SCAO - Experience faster LLM training with a second-order optimizer.

SCAO

Experience faster LLM training with a second-order optimizer.

Pitch

SCAO is a high-throughput, drop-in replacement for AdamW, designed to enhance LLM training speed by 54%. Leveraging sparse, second-order methods, this PyTorch optimizer offers Shampoo-quality preconditioned gradients with minimal overhead, making it an effective solution for optimizing performance in large neural networks.

Description

SCAO — Sparse Curvature-Aware Adaptive Optimizer

SCAO is a cutting-edge optimizer tailored for enhancing large neural network training processes. It provides a sparse, second-order optimization experience in PyTorch that rivals the efficiency of AdamW, with a remarkable 54% increase in throughput. Designed to be a high-performance, drop-in replacement for AdamW, SCAO utilizes advanced techniques to capitalize on the intricate relationships among model parameters, improving both speed and performance.

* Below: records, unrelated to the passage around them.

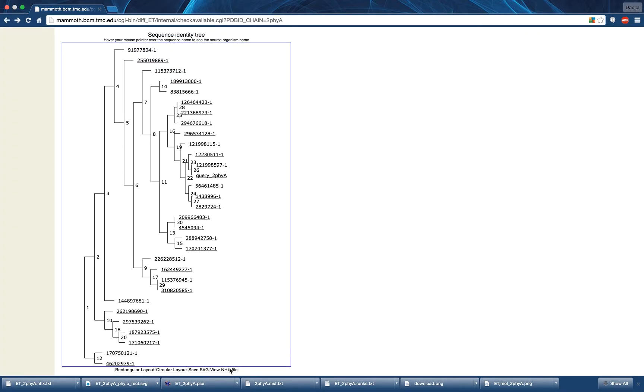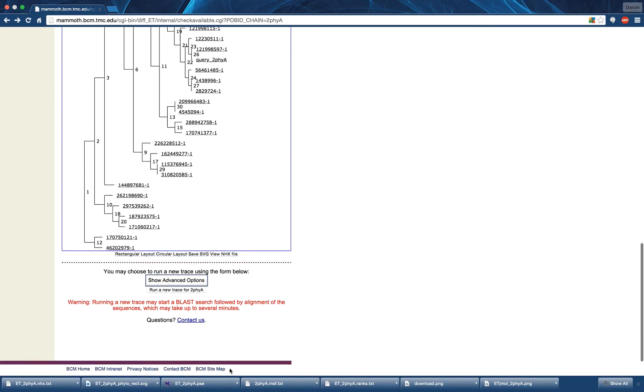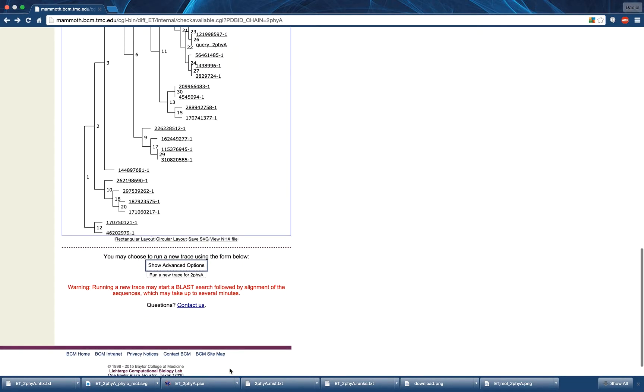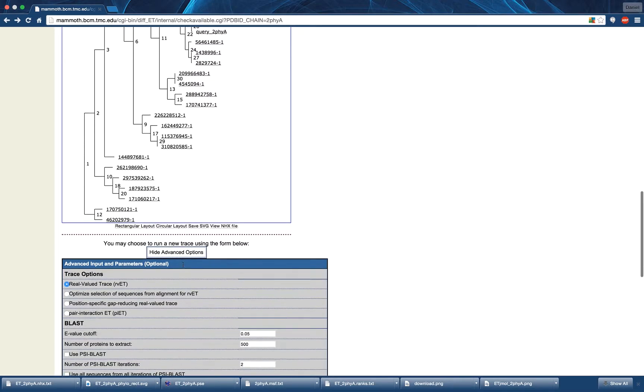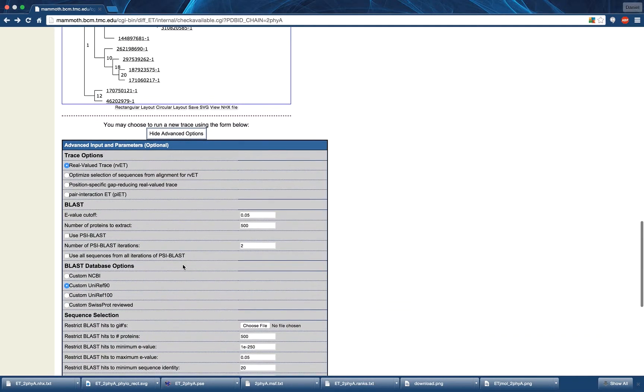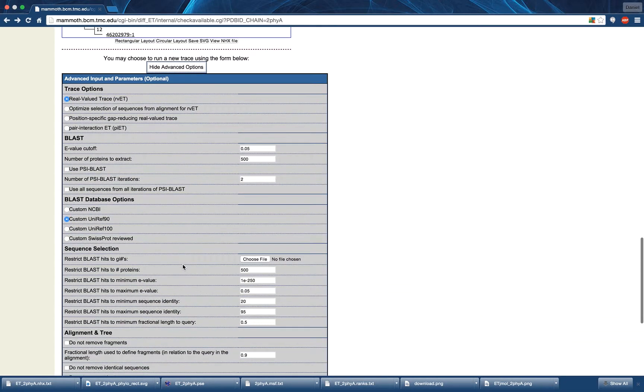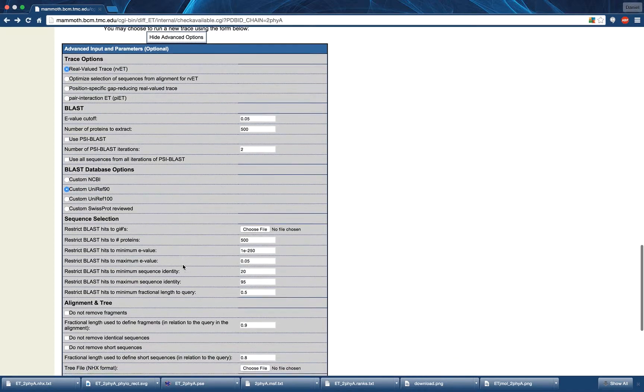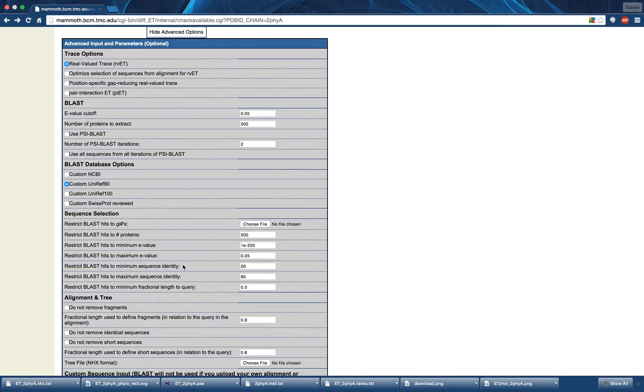The final portion of this page is used to run a de novo evolutionary trace. This is covered thoroughly in another video found in the displayed annotation. Here we would like to note that while users are encouraged to change the database used when retrieving sequences, some databases may produce very few results during the BLAST process, leading to a failed trace.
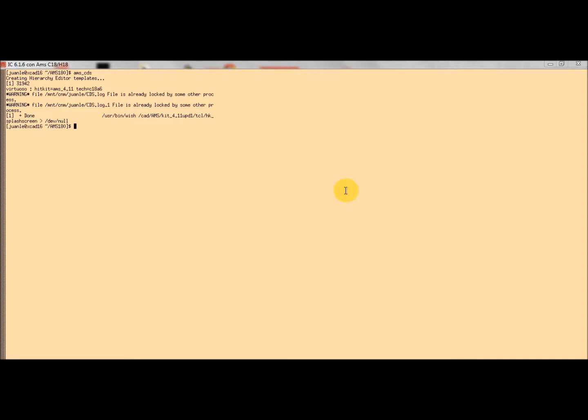Hello, today I am going to explain how to run Monte Carlo with mismatch parameter simulation using Cadence 6. The first step is to start our design kit properly.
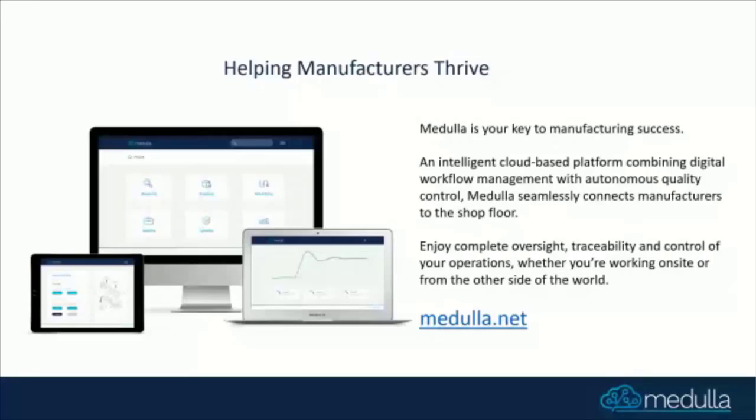It ensures that your manufacturing workflows are adhered to and provides traceability reports. It essentially removes the paper traveler from your manufacturing line by digitizing it, eliminates human error by ensuring things like nonconformant products don't get back onto the line, manufacturing steps aren't missed. It greatly reduces the risk of human error.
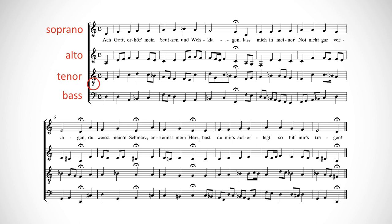So when you write an open score, make sure you include the little 8 under the treble clef, or your poor tenors will think they have to sing very high. Ouch!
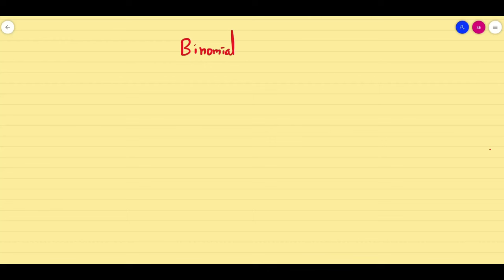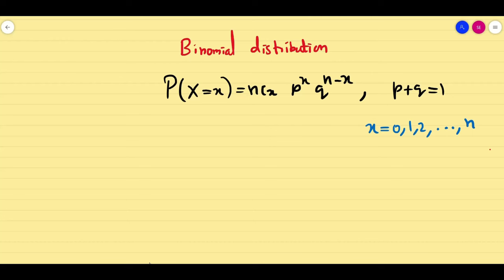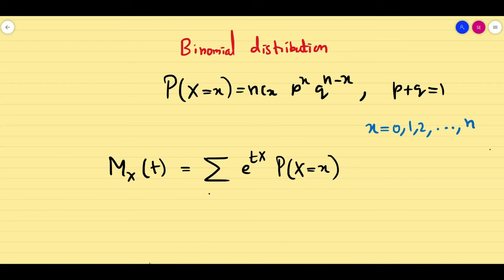Since it is a discrete distribution, I will use summation for the moment generating function. So p(x) = nCx · p^x · q^(n−x), where p + q = 1 and x varies from 0 to n. The moment generating function M_x(t), since it is a discrete distribution, is the summation of e^(tx) · P(X=x) where x varies from 0 to n.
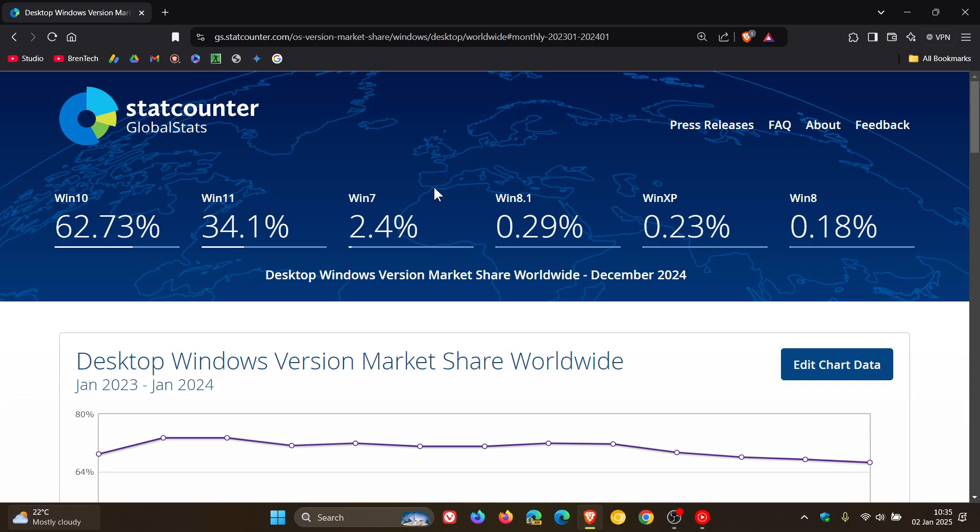And that is a quick look at the market share for the desktop Windows versions between November and December 2024, so thanks for watching and I will see you in the next one.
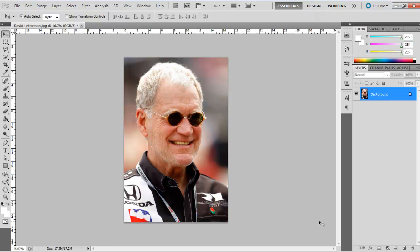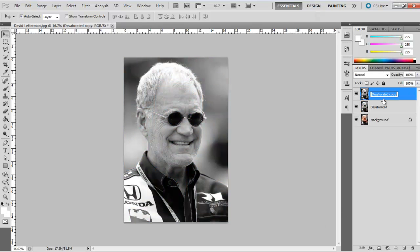In this tutorial we will teach you how to enhance the contrast of an image in Photoshop. First of all, duplicate the original layer and desaturate the image.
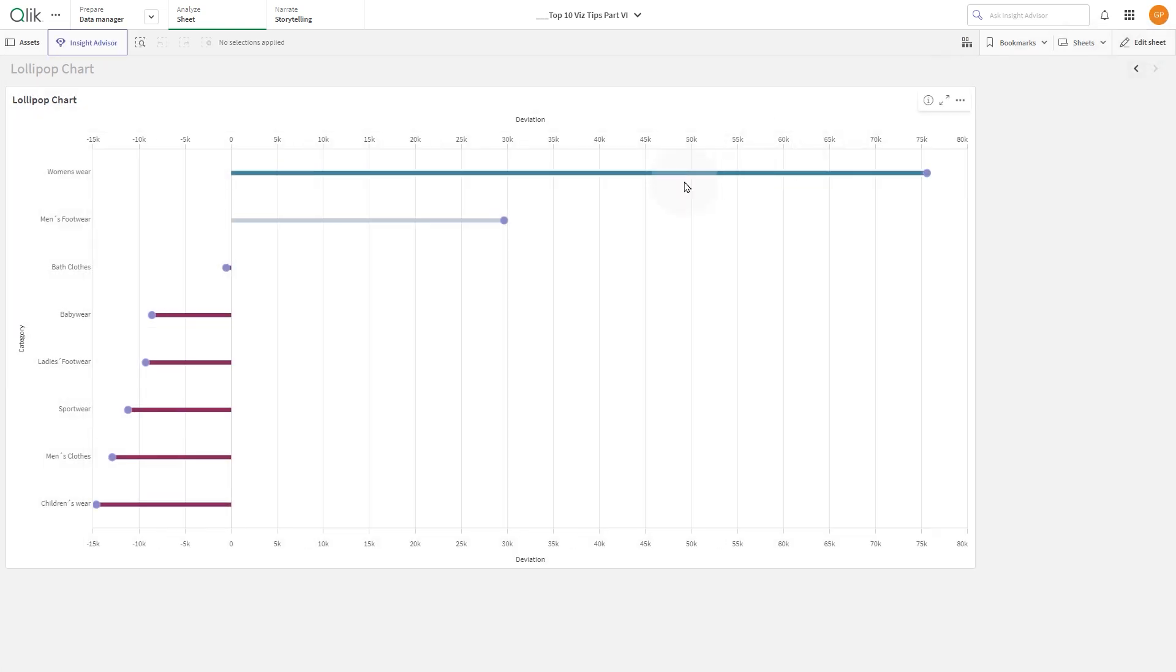And here is the result. You have now created a Lollipop chart using the Combo chart. And that concludes this video.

The Challenge of Current Optimizers

Training substantial neural networks is predominantly reliant on first-order methods. Among these, AdamW has emerged as a standard approach. However, AdamW has inherent limitations—primarily its reliance on a diagonal approximation of loss curvature that fails to account for the complex correlations present within network parameters. This deficiency can hinder performance, especially as model size and complexity grow.

The SCAO Advantage

SCAO introduces significant innovations to help overcome these limitations:

Adaptive Rank Selection: Instead of utilizing full curvature matrices, SCAO judiciously retains only the top-k eigenvectors which encompass over 95% of spectral mass, resulting in a drastic reduction in memory usage.
```
k* = argmin k such that Σᵢ₌₁ᵏ λᵢ / Σⱼ λⱼ ≥ 1 − ε
```
Sparse Block-Diagonal FIM: For layers exceeding predefined dimensions, SCAO implements a diagonal curvature approximation to maintain efficiency while ensuring adaptivity at scale.
Phase-Transition Stability: Transitioning from Adam to SCAO preconditioning is critical. SCAO employs several strategies to maintain stability during this phase, which include initializing Kronecker factors to mitigate rank deficiencies and gradually blending Adam and pre-conditioned gradients.

Algorithm Overview

SCAO operates in two distinct phases:

Phase 1: Implements a warmup using standard Adam or AdamW updates to establish initial gradient behavior. During this phase, curvature estimates are built.
Phase 2: Activates SCAO's curvature preconditioning, updating every defined frequency and applying sophisticated adjustments like Tikhonov regularization and eigenvalue truncation to optimize gradient projections.

Experimental Results

In assessing SCAO against AdamW on benchmarks such as WikiText-2, it demonstrated improved performance metrics:

SCAO achieved a 54% increase in throughput compared to AdamW.
Even at peak performance, SCAO maintained lower average training loss across iterations.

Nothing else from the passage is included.